Reviews

Radiance

Anna Gunn gives an excellent performance as Marie Curie in Alan Alda’s new play at the Geffen Playhouse.

Anna Gunn in Radiance
(© Michael Lamont)
Anna Gunn in Radiance
(© Michael Lamont)

Radiance: The Passion of Marie Curie, the new play by Emmy winner Alan Alda premiering at Los Angeles’ Geffen Playhouse, is an enjoyable evening that walks a fine line between education and soap opera, but never falls over into pedantics nor melodrama. He’s aided in his mission by a wise director (Daniel Sullivan) and a passionate performance by Anna Gunn as two-time Nobel Prize winner Marie Curie.


Alda’s sharply written script shines a light on the precarious nature of love and marriage, set against the backdrop of remarkable discoveries in science. He focuses on many aspects of Curie’s life: the dual discoveries of polonium and radium; her struggles as a woman in a distinctively man’s world; and her all-consuming but very apolitically-savvy relationship with a married man.


Indeed, the torrid affair between Curie and mathematician Paul Langevin (Dan Donohue), along with the hostile machinations of Langevin’s wife, Jeanne (the deviously good Sarah Zimmerman) to ruin Curie’s life, fills most of act two. It’s a reminder that no one is immune to making unwise decisions, whether world famous scientist, movie star or President of the United States.


It’s even more fascinating how the prejudice of the men in charge and the jealousy of the women behind the men could have wiped the courageous name Marie Curie easily off the history books. And, that’s her greatest fear: that a Polish immigrant at the turn of the 20th century, is not able to have her words heard. In the posturing of Gunn, her resolve, her broken but penetrable English, she demands to be heard.

There is alo a delightfully droll performance by Hugo Armstrong as her mentor and friend, a compassionate but absent-minded professor. As his endearing wife, Natacha Roi is also a treat. John De Lancie, as Pierre Curie, has little time to bond with the audience and attempts no semblance of an accent, but his asides to Gunn are tender and clearly represent a loving husband. As two weasels in Curie’s life, both a “mentor” and a mud-slinging journalist, Leonard Kelly-Young is appropriately slimy in the two roles.


The one curious performance belongs to Donohue. He comes off so impetuous and weak-willed, it’s difficult to believe Curie’s adoration for him. In act one, he’s a horny puppy, practically humping her leg, and in act two, he’s spineless and self-involved.

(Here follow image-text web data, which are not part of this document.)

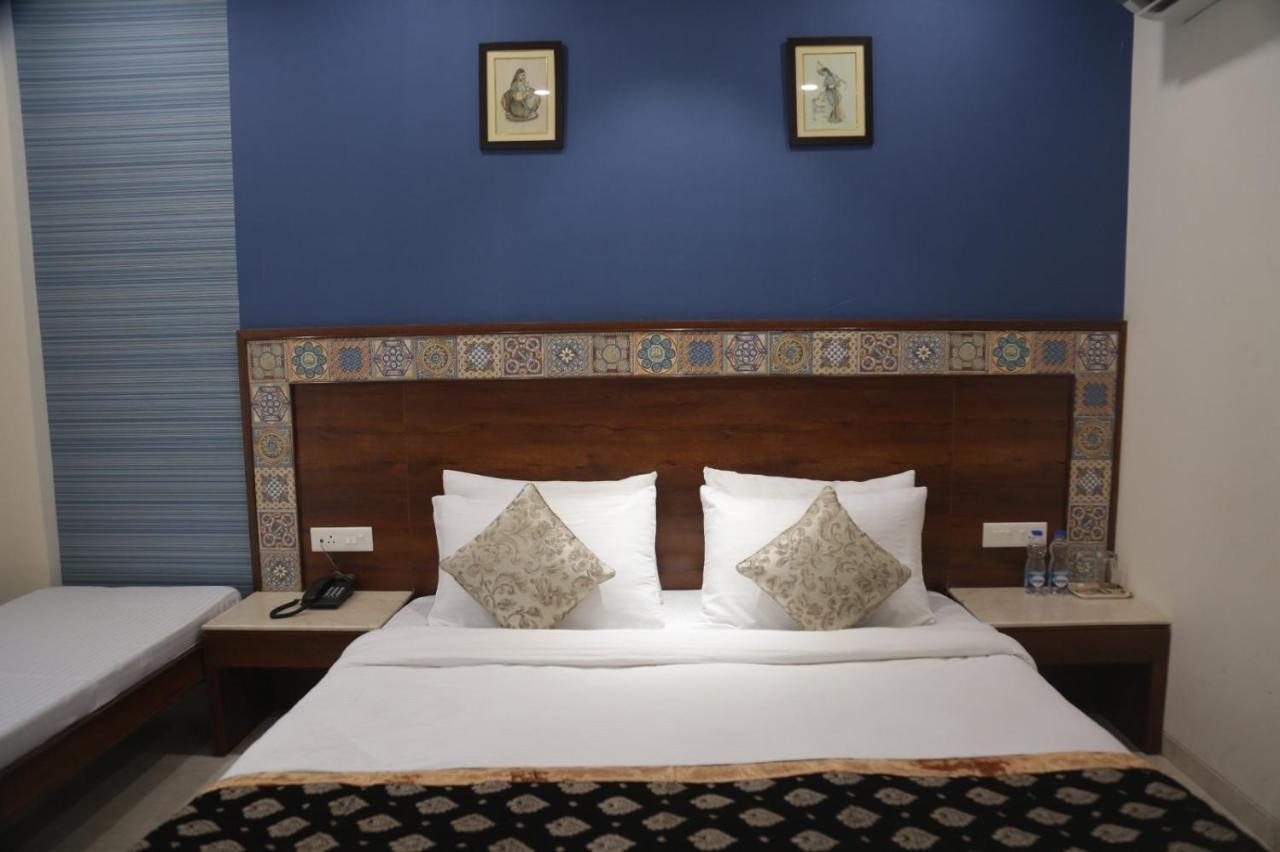 Hotel Executive Club Bareilly Exterior foto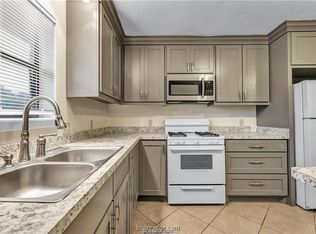 807 Holleman Dr, College Station, TX 77840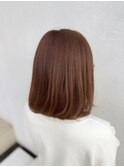 シークレットハイライトで立体感を感じさせるシンプルなボブ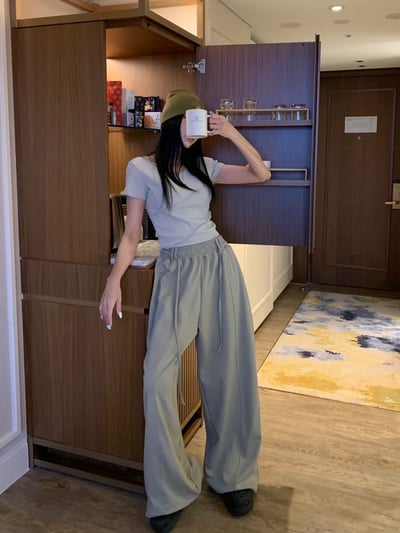不規則切線壓紋設計短版Ｔ2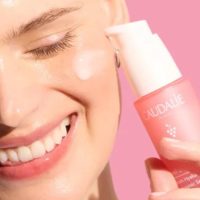 a fluid serum indicated for continuous skin hydration.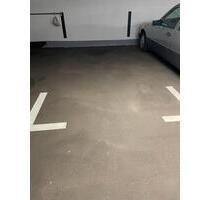 Tiefgaragen-Stellplatz für PKW - 75,00&nbsp;EUR Miete, in Leonberg (PLZ: 71229)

It could be that Alda and director Sullivan want the audience to not side with Langevin, to question Curie’s passion for him — and if so, mission accomplished. It doesn’t make for a likeable male protagonist, but it definitely makes for a complex female lead.


The functional sets (which change shape to allude to doors and windows) are given an impressionistic look by John Boesche’s projections. Using grays and blacks that evoke charcoal etchings, they’re provocative, particularly the rain-soaked streets of Paris and the murky shed where the Curies produce their work.


Costume designer Rita Ryack conveys the drab black dress armor that Madame Curie hides behind, while juxtaposing it with the lightly colored society lady wares of the two wives. The one time that Ryack puts Curie in a white frilly dress it’s as appropriately shocking as the red dress worn by Bette Davis’ Jezebel.